BLS DAILY REPORT, MONDAY, MAY 12, 1997

The number of mass layoffs occurring in U.S. firms increased by 83 
percent in the fourth quarter of 1996, to a total of 1,802, compared 
with 985 in the third quarter, the Labor Department reports.  BLS says 
the 1,802 mass layoffs resulted in the separation of 397,643 workers 
from their jobs in the October through December period of 1996.  In 
the third quarter, 222,419 workers lost their jobs due to mass layoffs 
....(Daily Labor Report, page D-1).

The Washington Post's "Washington Business" section features articles 
on the topic "Women at Work" and includes such BLS data as:  In 1975, 
44.9 percent of women with children under 18 worked outside the home; 
in 1995, that figure was 70.2 percent.  Women hold 69.7 percent of all 
jobs in retail sales.  The percentage of women who belong to labor 
unions fell from 14.6 percent in 1983 to 12.3 percent in 1995.  About 
755,700 women worked in the hotel industry in 1996, taking 55 percent 
of all jobs in that industry.  Women still earn less than men, taking 
home 76.4 cents for every dollar earned by a man ....More women in the 
Washington area have climbed into the executive ranks than anywhere 
else in the country, accounting for about 22 percent of executive, 
administrative, and managerial positions here ....
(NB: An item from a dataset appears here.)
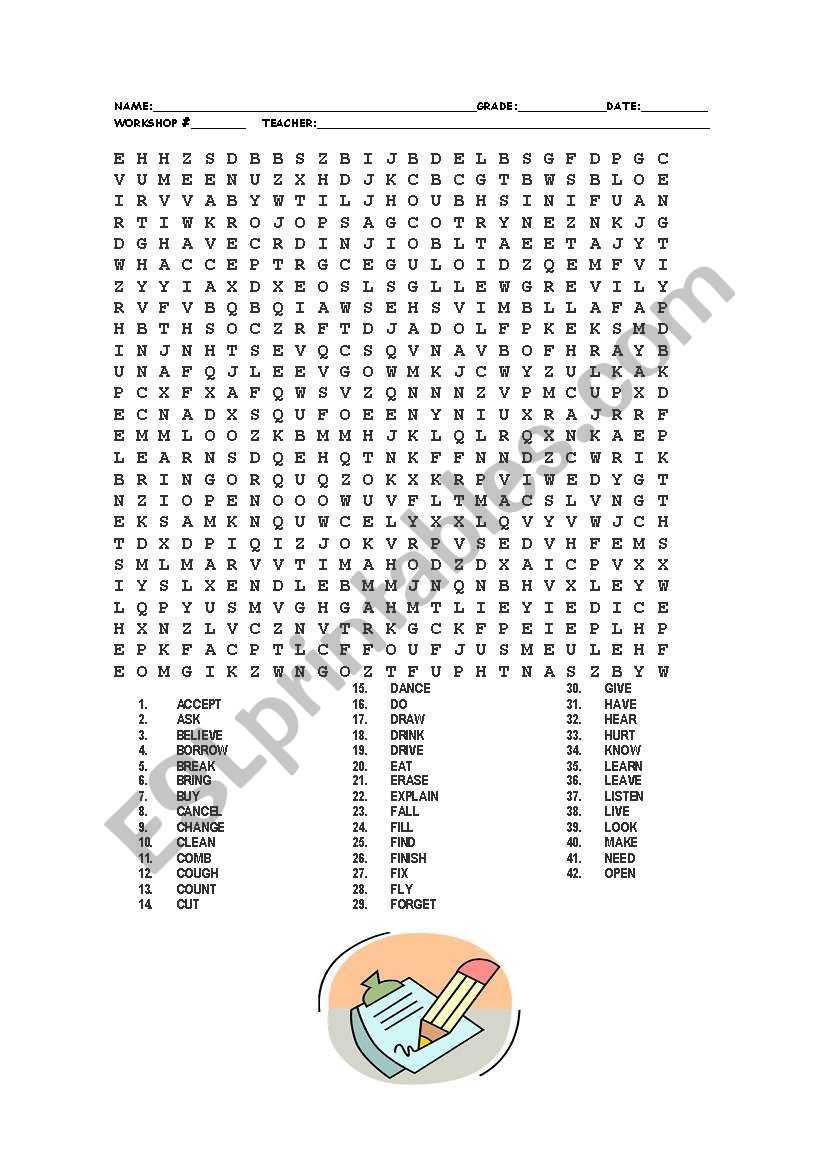 most used verbs crossword 1 worksheet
U.S. prosperity eludes millions of newcomers, says an article in 
Saturday's Washington Post (page A1) ....In a time of rapid 
technological change and growing demand for skills and education in 
the work force, large number of newcomers are unskilled and poorly 
educated ....The good news is that those born abroad tend to improve 
their lot the longer they stay, and those who arrived before 1970 are 
doing as well as or better than natives.  But immigrants, both legal 
and illegal, who have settled here since 1990 are generally faring 
worst of all.  Nationwide, a third live in poverty, nearly three times 
the rate for the U.S. born, and 36 percent failed to finish high 
school, more than double the percentage for natives ....
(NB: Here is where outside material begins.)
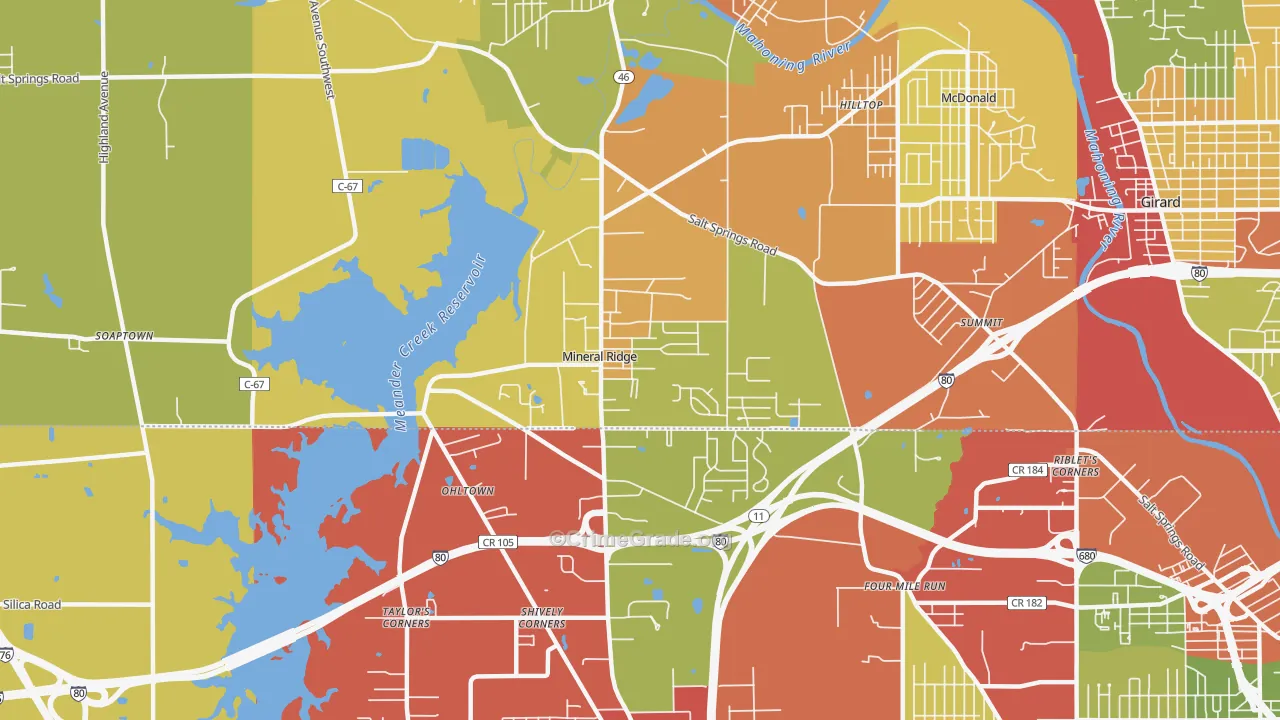 44440, OH Map of Theft Rates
The number of jobs generated by the U.S. tourism industry is 
increasing faster than the nation's overall job growth, with much of 
it occurring in high-paying executive positions, a new study of 
industry employment conducted by the Travel Industry Association of 
America shows ....In a national economy built largely on 
manufacturing, it's a surprise to many people that tourism and travel 
now rank as the first-, second-, or third-largest employer in 32 
states and the District of Columbia.  Only the health care industry 
consistently does better.  Overall, tourism generated more than 6.6 
million jobs in 1995, a number that has grown 33 percent in the past 
decade, the study shows.  The nation's total nonagricultural 
employment, meanwhile, grew 20 percent during the same time.  Looking 
forward, travel industry employment is expected to grow more than 18 
percent from 1994 to 2005.  During the same time, construction 
employment is forecast to grow nearly 10 percent, mining employment is 
expected to decline by 27 percent, and manufacturing employment is 
expected to drop 7 percent ....(Washington Post, May 11, page H4).
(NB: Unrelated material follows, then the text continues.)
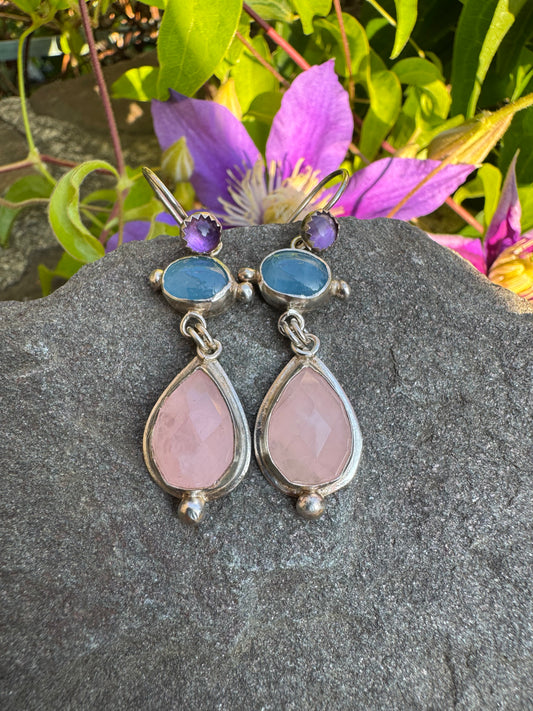 Handmade sterling silver amethyst, aquamarine and pink quartz tiered earrings, front view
Start-up businesses remain a good source of new jobs, Dun & Bradstreet 
Corp. says.  The financial research firm found that more than 170, 000 
new businesses created nearly 847,000 jobs last year, up 15 percent 
from the number of jobs created by new firms in 1995.  Dun & 
Bradstreet said nearly all big industry sectors had an increase in new 
jobs, with the services, construction, transportation, and public 
utilities sectors enjoying the biggest gains (Washington Post, May 11, 
page H4).

The Wall Street Journal's "Tracking the Economy" feature (page A2) 
shows that the Technical Data Consensus Forecast predicts that 
 producer prices for April will be down 0.1 percent, as they were last 
month, when that figure is announced Wednesday.  Consumer prices for 
April are predicted to go up 0.2 percent, after increasing only 0.1 
percent last month, when the CPI comes out Thursday.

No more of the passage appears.